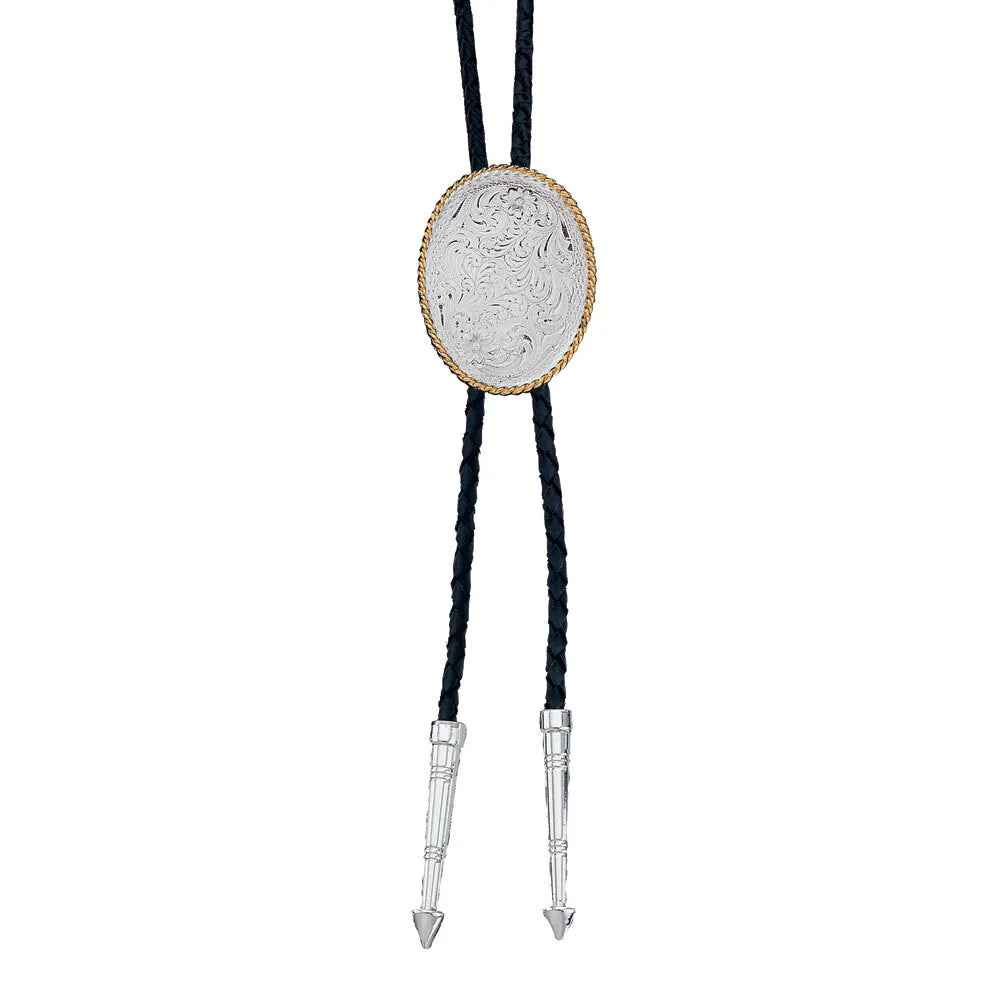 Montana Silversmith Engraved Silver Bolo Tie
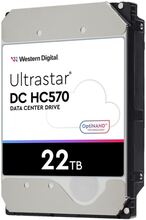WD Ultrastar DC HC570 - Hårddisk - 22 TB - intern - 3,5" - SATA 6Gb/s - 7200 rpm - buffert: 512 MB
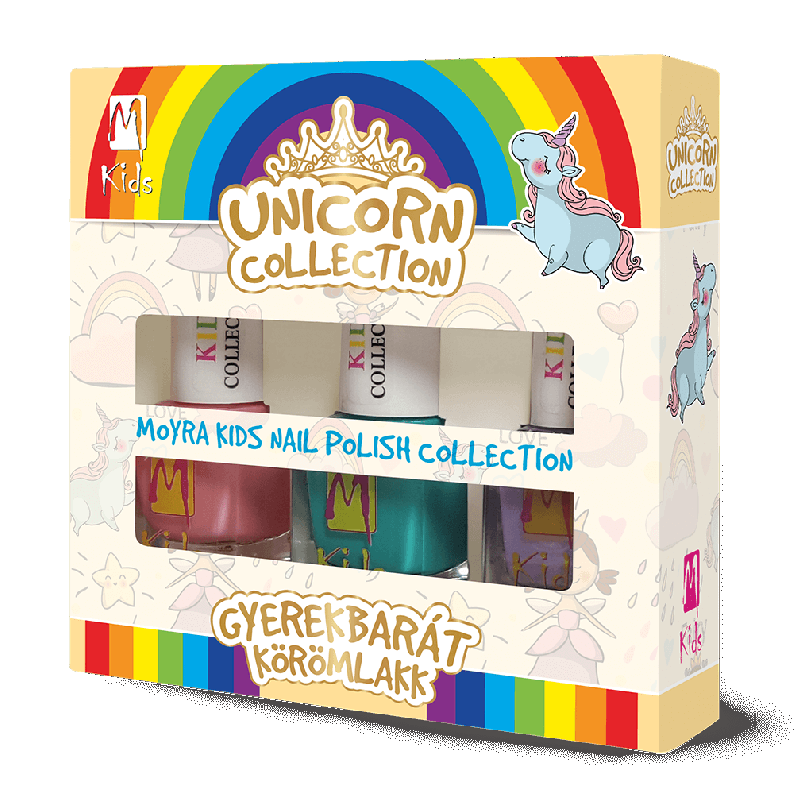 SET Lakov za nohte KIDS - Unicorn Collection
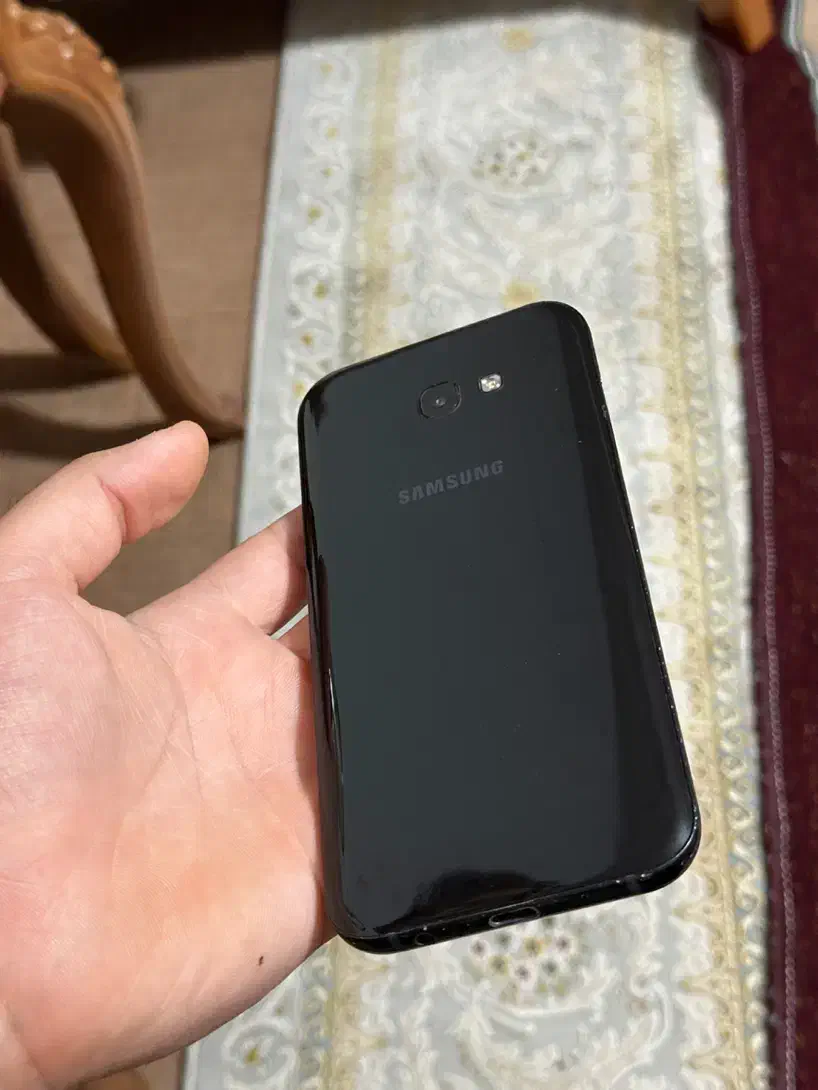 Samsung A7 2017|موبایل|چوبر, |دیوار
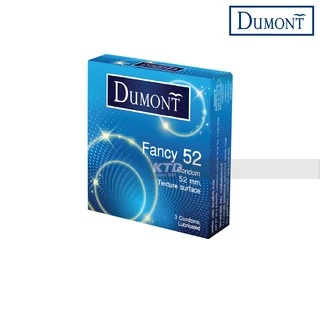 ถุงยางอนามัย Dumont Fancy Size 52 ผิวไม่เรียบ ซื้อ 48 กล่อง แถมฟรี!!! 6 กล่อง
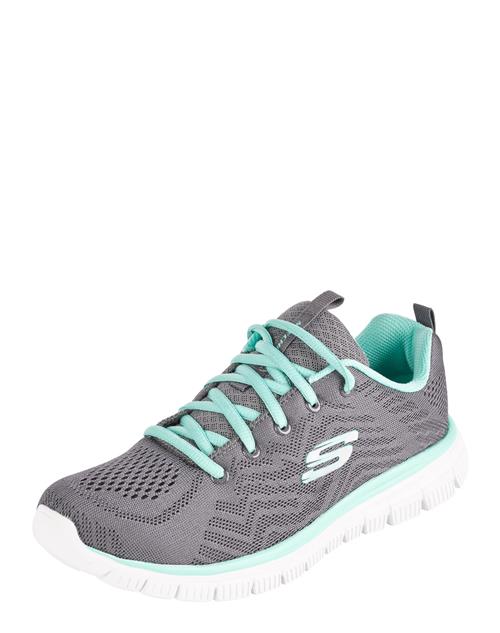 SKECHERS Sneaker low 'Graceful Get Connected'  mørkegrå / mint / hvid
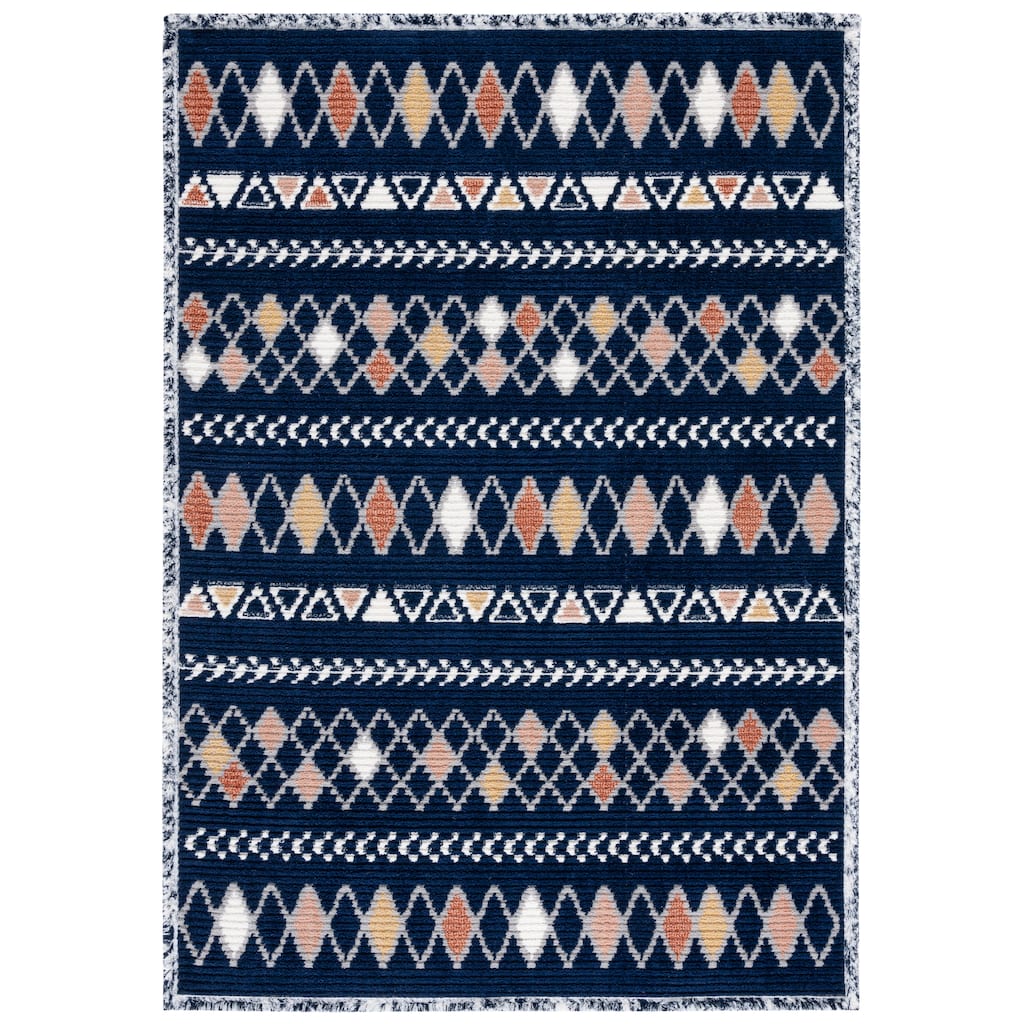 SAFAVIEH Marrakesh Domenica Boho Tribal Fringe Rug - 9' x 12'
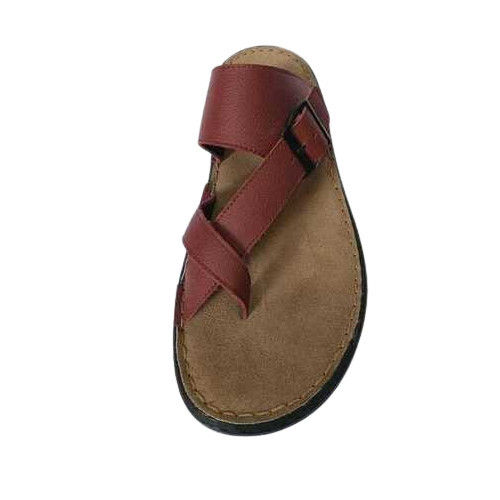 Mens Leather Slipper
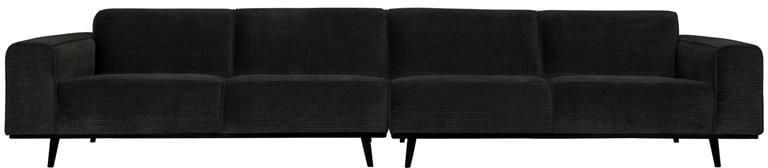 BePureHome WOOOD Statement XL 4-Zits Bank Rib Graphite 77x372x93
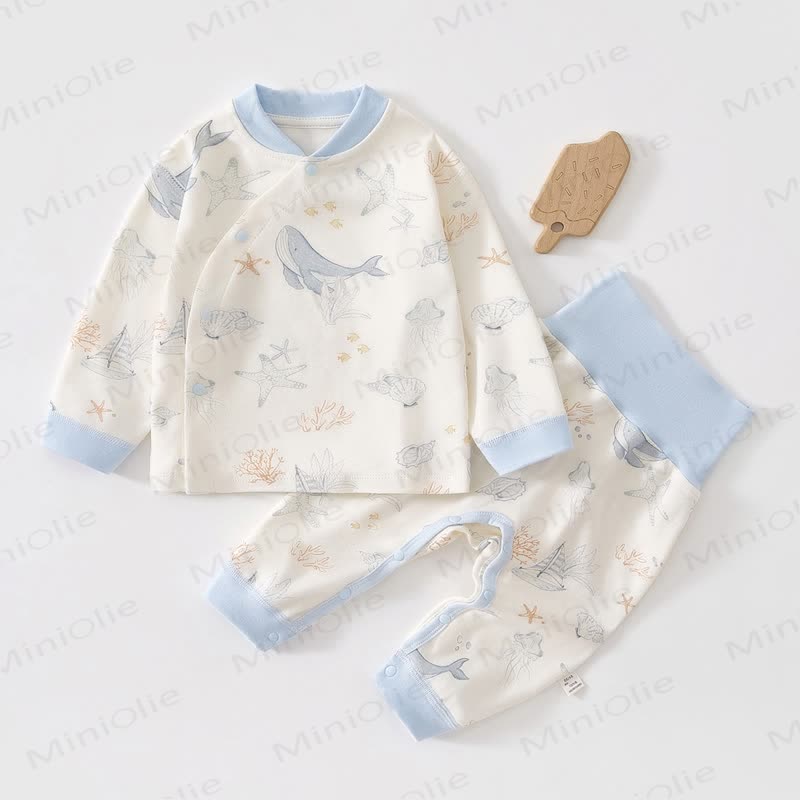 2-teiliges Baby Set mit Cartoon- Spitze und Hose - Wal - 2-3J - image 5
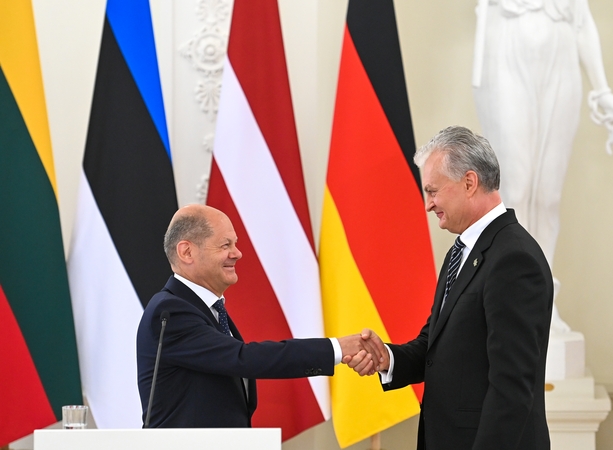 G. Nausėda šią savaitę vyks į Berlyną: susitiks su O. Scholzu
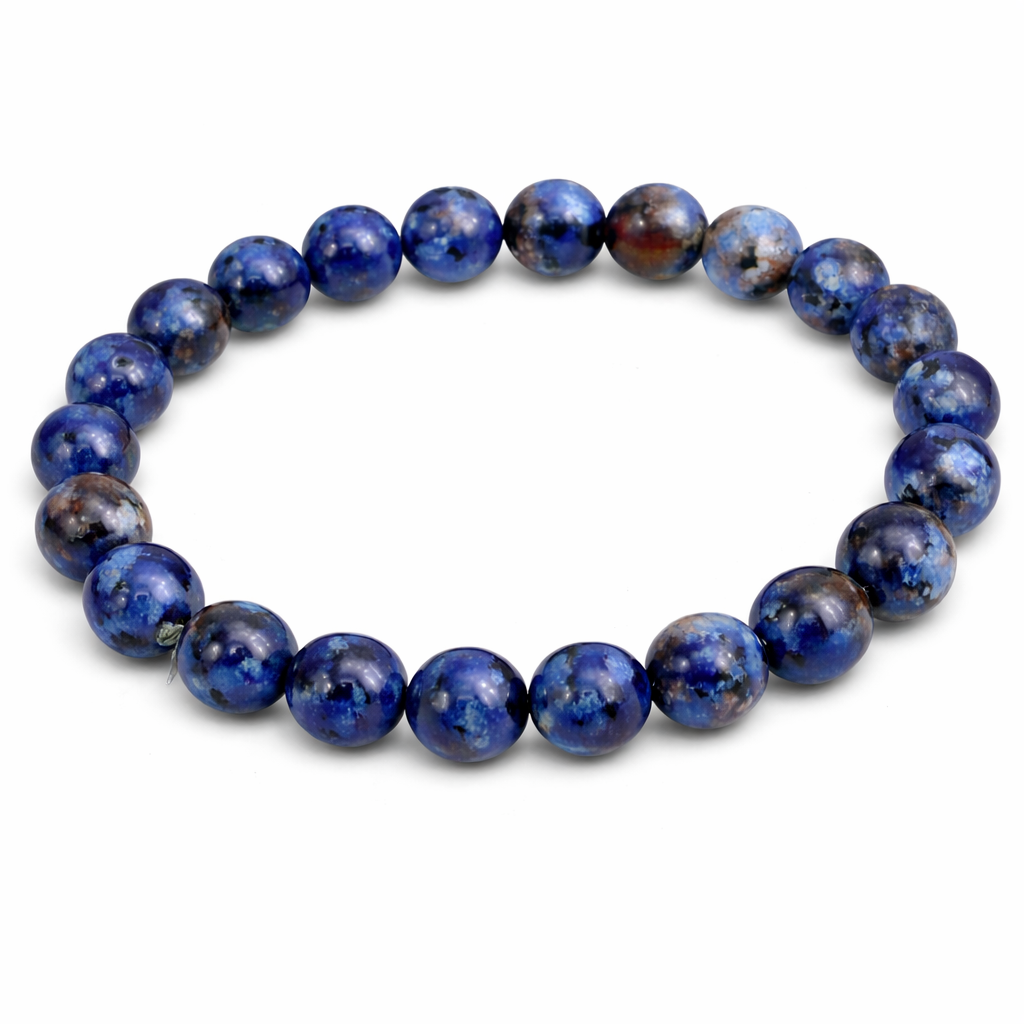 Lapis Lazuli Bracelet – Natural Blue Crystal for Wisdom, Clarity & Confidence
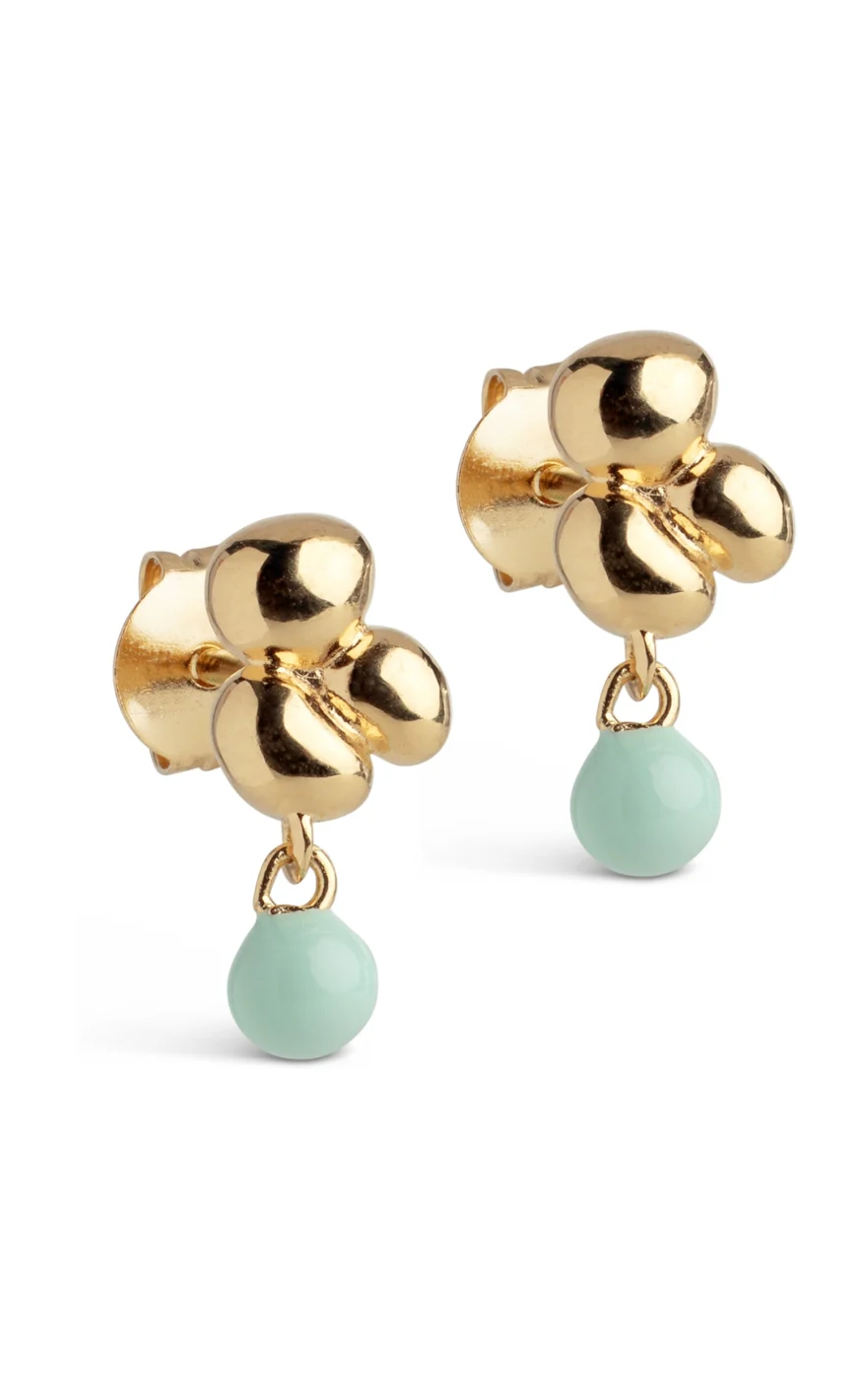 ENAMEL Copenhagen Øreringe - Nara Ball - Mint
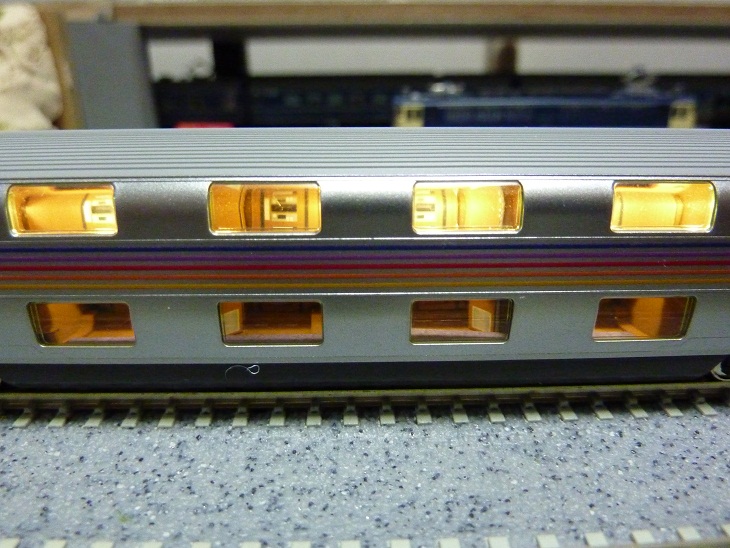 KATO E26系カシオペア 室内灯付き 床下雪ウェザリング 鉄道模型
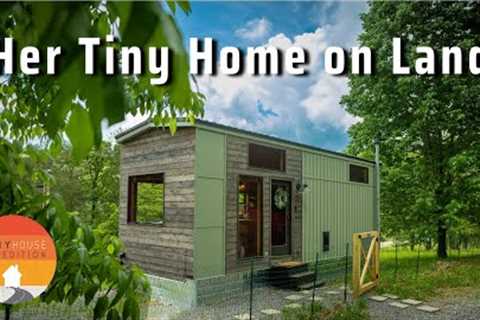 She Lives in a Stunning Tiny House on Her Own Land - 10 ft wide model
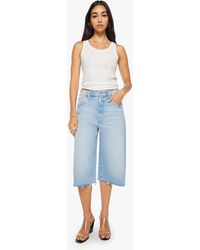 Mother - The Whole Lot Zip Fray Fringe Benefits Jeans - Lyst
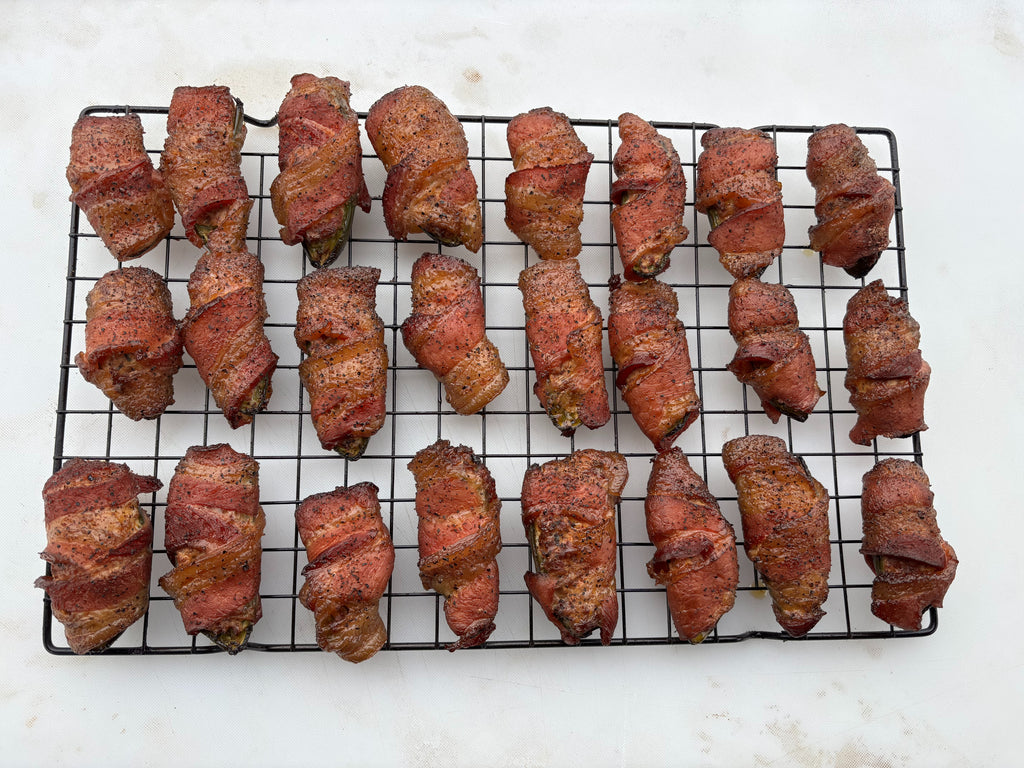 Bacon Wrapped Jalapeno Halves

** EXERCISE DIRECTIONS **
Copy the data word for word and omit every picture.

** RESPONSE TO THE TASK **
 Montana Silversmith Engraved Silver Bolo Tie
WD Ultrastar DC HC570 - Hårddisk - 22 TB - intern - 3,5" - SATA 6Gb/s - 7200 rpm - buffert: 512 MB
 SET Lakov za nohte KIDS - Unicorn Collection
 Samsung A7 2017|موبایل|چوبر, |دیوار
 ถุงยางอนามัย Dumont Fancy Size 52 ผิวไม่เรียบ ซื้อ 48 กล่อง แถมฟรี!!! 6 กล่อง
 SKECHERS Sneaker low 'Graceful Get Connected'  mørkegrå / mint / hvid
 SAFAVIEH Marrakesh Domenica Boho Tribal Fringe Rug - 9' x 12'
 Mens Leather Slipper
 BePureHome WOOOD Statement XL 4-Zits Bank Rib Graphite 77x372x93
 2-teiliges Baby Set mit Cartoon- Spitze und Hose - Wal - 2-3J - image 5
 G. Nausėda šią savaitę vyks į Berlyną: susitiks su O. Scholzu
 Lapis Lazuli Bracelet – Natural Blue Crystal for Wisdom, Clarity & Confidence
 ENAMEL Copenhagen Øreringe - Nara Ball - Mint
 KATO E26系カシオペア 室内灯付き 床下雪ウェザリング 鉄道模型
 She Lives in a Stunning Tiny House on Her Own Land - 10 ft wide model
 Mother - The Whole Lot Zip Fray Fringe Benefits Jeans - Lyst
 Bacon Wrapped Jalapeno Halves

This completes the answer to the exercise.